As our journey has progressed we have become better at finding the information we are searching for. That sounds like an obvious statement. Ask a question and get an answer, however what we have found is we often do not know the right questions to ask. One of the new tricks we have learned is how to use our Alltrails app in a different way. We use the app to determine trail lengths, elevation gains, and trail head location.

Using Alltrails in a Unique Way

What we discovered a few months ago is how much trail information I was overlooking. I was frustrated reading the comments posted about a particular trail. They were so varied, it was like the people had not even hiked the same trail. It was then when I realized I could view the histories of the individuals commenting.

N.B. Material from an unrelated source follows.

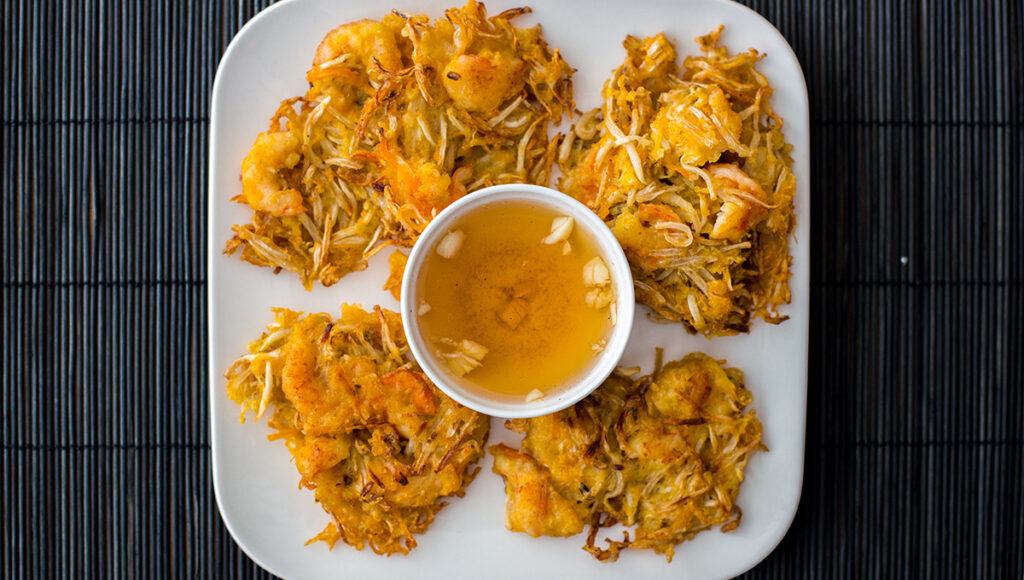 Okoy,Filipino Dishes - World Pinoy Flights Blog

This gave me the ability to determine what type of a hiker they were by reading about other trails they had hiked. I also found additional local trail information there.

Using this new found bounty of information we began finding the trails that locals hiked, away from the crowds and into the backcountry. It also helped us determine which reviews applied to our abilities and fitness level. Now, when we arrive in a new area, I am better equipped to find trails we will be interested in hiking. As I was researching some of the routes in Saguaro NP, which I knew we would be hiking, I also read about Sabino Canyon, Madera Canyon and the Pusch Ridge Wilderness including Mt. Lemmon.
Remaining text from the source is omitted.